This repository is released under a Creative Commons Attribution license. If you use it in any form for your work, please cite the following paper:

@inproceedings{amato2023visione, title={VISIONE at Video Browser Showdown 2023}, author={Amato, Giuseppe and Bolettieri, Paolo and Carrara, Fabio and Falchi, Fabrizio and Gennaro, Claudio and Messina, Nicola and Vadicamo, Lucia and Vairo, Claudio}, booktitle={International Conference on Multimedia Modeling}, pages={615--621}, year={2023}, organization={Springer} }

This repository (v2) comprises the following files:

msb.tar.gz contains tab-separated files (.tsv) for each video. Each tsv file reports, for each video segment, the timestamp and frame number marking the start/end of the video segment, along with the timestamp of the extracted middle frame and the associated identifier ("id_visione").

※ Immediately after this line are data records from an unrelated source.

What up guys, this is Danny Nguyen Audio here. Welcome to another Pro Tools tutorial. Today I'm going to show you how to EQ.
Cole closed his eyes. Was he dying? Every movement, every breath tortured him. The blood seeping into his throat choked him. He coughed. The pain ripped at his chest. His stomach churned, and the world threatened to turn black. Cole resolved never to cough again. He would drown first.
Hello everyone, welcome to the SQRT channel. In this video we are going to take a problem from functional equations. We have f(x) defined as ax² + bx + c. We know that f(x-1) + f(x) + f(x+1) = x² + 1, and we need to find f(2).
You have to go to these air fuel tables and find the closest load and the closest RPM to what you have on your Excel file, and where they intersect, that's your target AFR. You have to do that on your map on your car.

extract-keyframes-from-msb.tar.gz contains a Python script designed to extract the middle frame of each video segment from the MSB files. To run the script successfully, please ensure that you have the original VBSLHE videos available.

features-aladin.tar.gz† contains ALADIN [Messina N. et al. 2022] features extracted for all the segment's middle frames.

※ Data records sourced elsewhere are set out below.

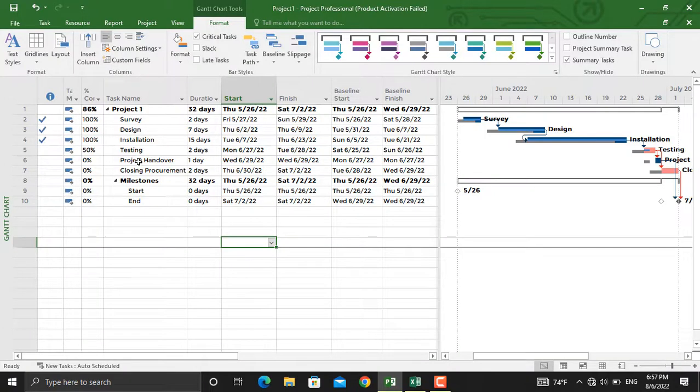As you can see, we have a project schedule in here in which some of the activities are fully completed, some are partially completed, and some of the activities are not started yet.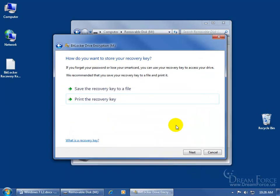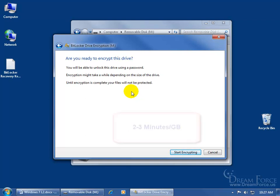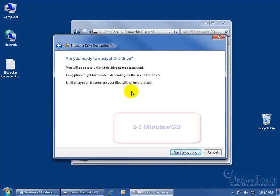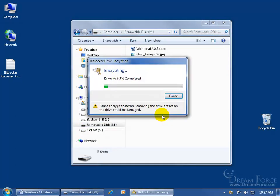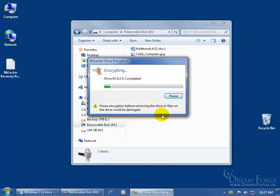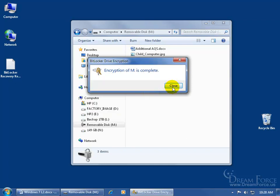When I'm finished, I can go ahead and click Next. And then up here it gives you a reminder. It says, you'll be able to unlock this drive using a password. Encryption might take a while depending upon the size of the drive. Again, I clocked it about two to three minutes per gigabyte. And then until encryption is complete, your files will not be protected. So click Start Encrypting. And you don't want to mess with this. You don't want to unplug the USB drive until it's done encrypting. Now it's going pretty fast, but it's, I think, under a megabyte, not even a megabyte. And then when it's finished, I'll go ahead and click Close.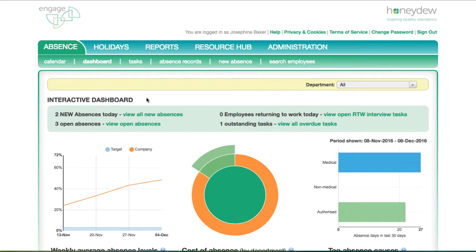Managers can log annual leave requests on behalf of their employees. You might want to do this if your employees have not been given personal logins to Engage.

features-clip-laion.tar.gz† contains CLIP ViT-H/14 - LAION-2B [Schuhmann et al. 2022] features extracted for all the segment's middle frames.

features-clip-openai.tar.gz† contains CLIP ViT-L/14 [Radford et al. 2021] features extracted for all the segment's middle frames.

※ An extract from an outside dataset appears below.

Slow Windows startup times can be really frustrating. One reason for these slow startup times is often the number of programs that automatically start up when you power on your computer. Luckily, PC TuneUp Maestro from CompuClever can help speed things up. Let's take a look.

features-clip2video.tar.gz† contains CLIP2Video [Fang H. et al. 2021] extracted for all the video segments.

objects-frcnn-oiv4.tar.gz* contains the objects detected using Faster R-CNN+Inception ResNet (trained on the Open Images V4 [Kuznetsova et al. 2020]).

objects-mrcnn-lvis.tar.gz* contains the objects detected using Mask R-CNN He et al. 2017.

objects-vfnet64-coco.tar.gz* contains the objects detected using VfNet Zhang et al. 2021.

*Please be sure to use the v2 version of this repository, since v1 feature files may contain inconsistencies that have now been corrected

*Note on the object annotations: Within an object archive, there is a jsonl file for each video, where each row contains a record of a video segment (the "_id" corresponds to the "id_visione" used in the msb.tar.gz) . Additionally, there are three arrays representing the objects detected, the corresponding scores, and the bounding boxes. The format of these arrays is as follows:

"object_class_names": vector with the class name of each detected object.

"object_scores": scores corresponding to each detected object.

"object_boxes_yxyx": bounding boxes of the detected objects in the format (ymin, xmin, ymax, xmax).

†Note on the cross-modal features: The extracted multi-modal features (ALADIN, CLIPs, CLIP2Video) enable internal searches within the VBSLHE dataset using the query-by-image approach (features can be compared with the dot product). However, to perform searches based on free text, the text needs to be transformed into the joint embedding space according to the specific network being used (see links above). Please be aware that the service for transforming text into features is not provided within this repository and should be developed independently using the original feature repositories linked above.

We have plans to release the code in the future, allowing the reproduction of the VISIONE system, including the instantiation of all the services to transform text into cross-modal features. However, this work is still in progress, and the code is not currently available.

References:

[Amato et al. 2023] Amato, G.et al., 2023, January. VISIONE at Video Browser Showdown 2023. In International Conference on Multimedia Modeling (pp. 615-621). Cham: Springer International Publishing.

[Amato et al. 2022] Amato, G. et al. (2022). VISIONE at Video Browser Showdown 2022. In: , et al. MultiMedia Modeling. MMM 2022. Lecture Notes in Computer Science, vol 13142. Springer, Cham.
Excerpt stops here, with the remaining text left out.